What needs to be done >> Retype each of the records below exactly, leaving the pictures out.

####################

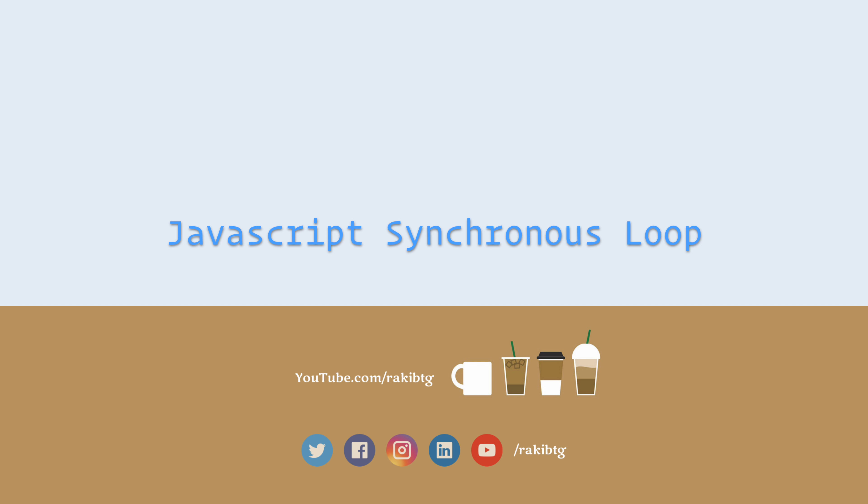Hey everyone, welcome back to yet another screencast. Today we will learn about how to run a synchronous loop in JavaScript.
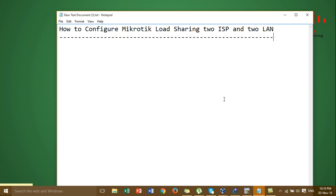Hi everyone. In the last video I showed you how to configure internet failover with MikroTik. Today I'm going to show you how to configure MikroTik load sharing to ISP and to LAN.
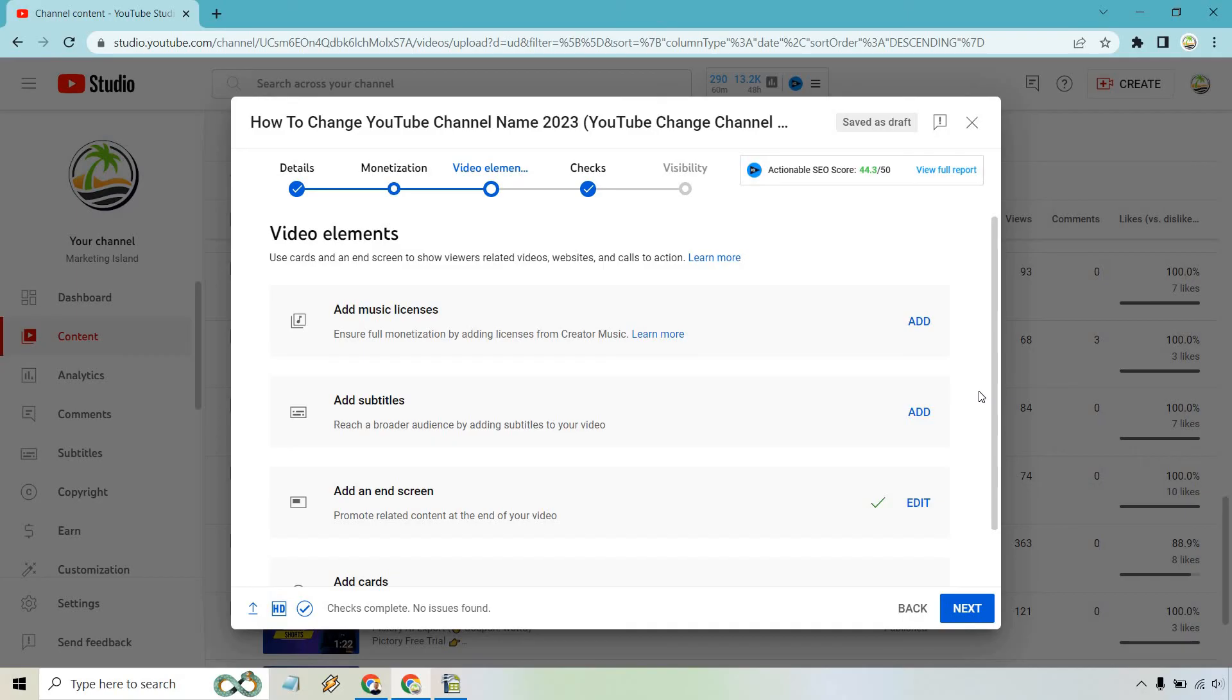But that's going to be up to you if you want to add a little bit more. I personally just like adding an end screen based upon what's going to be shown in the video. It works for me and it's very easy to do.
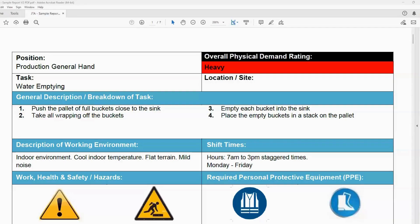My name's James, I'm a safety consultant for Recovery Partners and today what I'm going to go through is how at Recovery Partners we develop a job task analysis report.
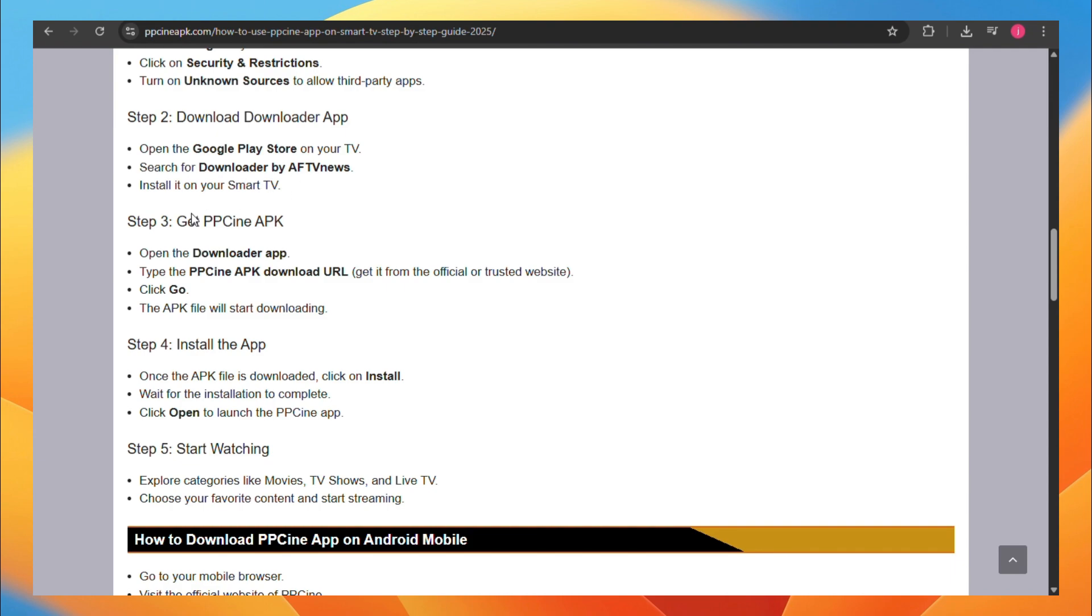Next, get PPCN APK. Open the Downloader application and start typing in the PPCN APK Downloader URL, then click on Go. The APK will start downloading.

####################

Worked solution >>
Hey everyone, welcome back to yet another screencast. Today we will learn about how to run a synchronous loop in JavaScript.
Hi everyone. In the last video I showed you how to configure internet failover with MikroTik. Today I'm going to show you how to configure MikroTik load sharing to ISP and to LAN.
But that's going to be up to you if you want to add a little bit more. I personally just like adding an end screen based upon what's going to be shown in the video. It works for me and it's very easy to do.
My name's James, I'm a safety consultant for Recovery Partners and today what I'm going to go through is how at Recovery Partners we develop a job task analysis report.
Next, get PPCN APK. Open the Downloader application and start typing in the PPCN APK Downloader URL, then click on Go. The APK will start downloading.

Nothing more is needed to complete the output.